The late Victorian period pine carcass showing the original period black painted finish, now timeworn with age and use, having a rectangular top now lacking the superstructure, above a pair of panelled drawers, the fielded cupboard below opening to reveal a cream painted interior with adjustable shelving, flanked by turned tapering columns, on re-entrant breakfront plinth, the whole surviving from the last quarter of the nineteenth century.

The piece is in useable order with the doors shutting as they should and the drawers running smoothly. The three knob handles are later replacements and matched in and there are bored holes where the originals would have been. There are marks to the top where the vertical gallery would have once sat. The interior shows the original cream paint.
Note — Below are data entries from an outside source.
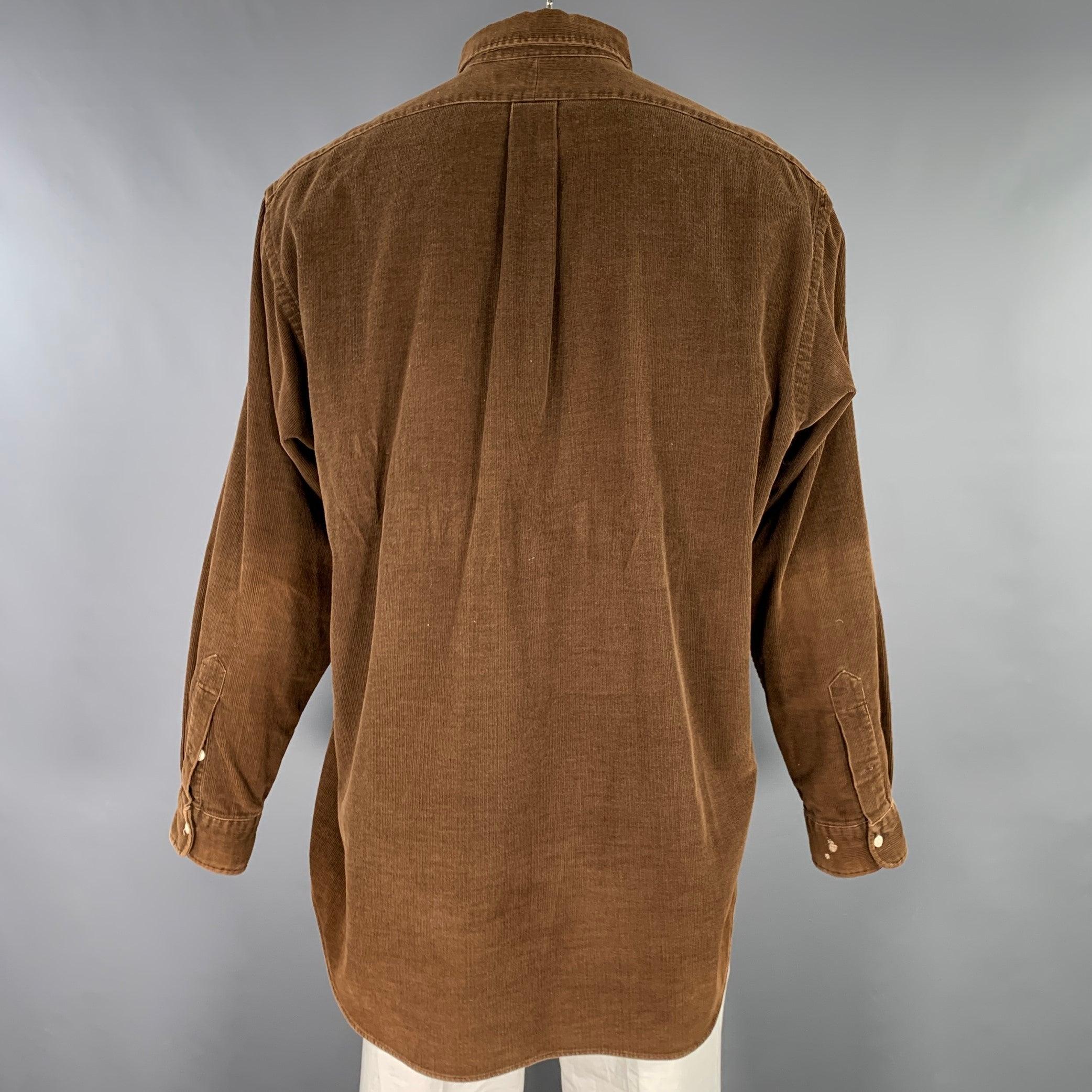 RALPH LAUREN Size XL Brown Corduroy Cotton Button Down Long Sleeve Shirt In Good Condition In San Francisco, CA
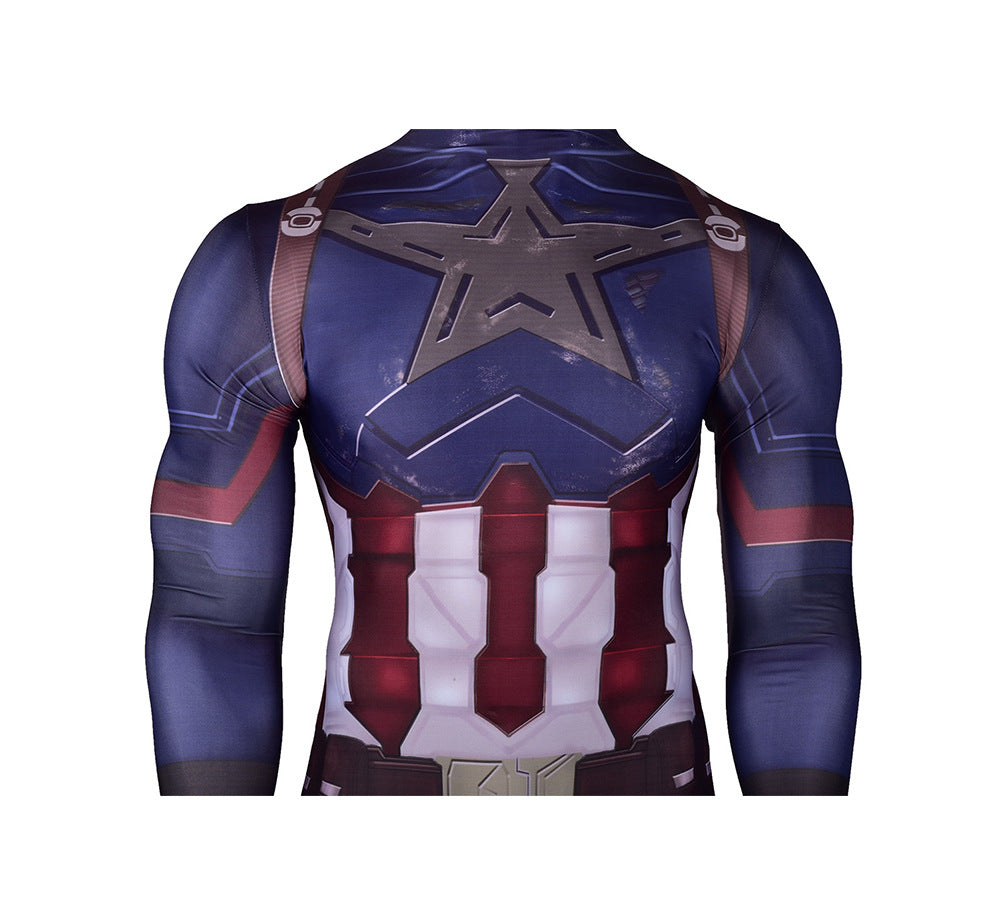Captain America Navy Armor-Print Cosplay Bodysuit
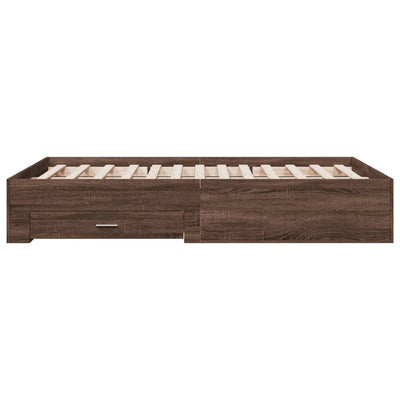 Sängynrunko laatikoilla ruskea tammi 135x190 cm tekninen puu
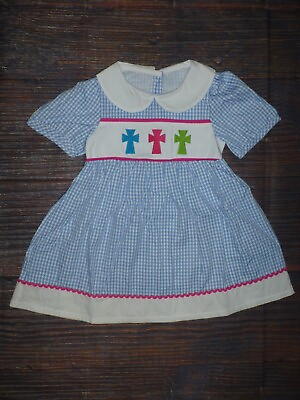 NEW Boutique Embroidered Easter Cross Girls Short Sleeve Blue Gingham Dress $16.99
There is a small section of loss to one foot as photographed and one flank is more worn to the base colour than the other.

A chiffonier is similar to a sideboard but differentiated by its smaller size and by the enclosure of the whole of the front by doors. It was one of the many curious developments of the mixed taste, at once cumbrous and bizarre, which prevailed in furniture during the Empire period in England. The earliest chiffoniers date from that time and are usually in rosewood.

A very decorative piece that would make a splendid hall or console table.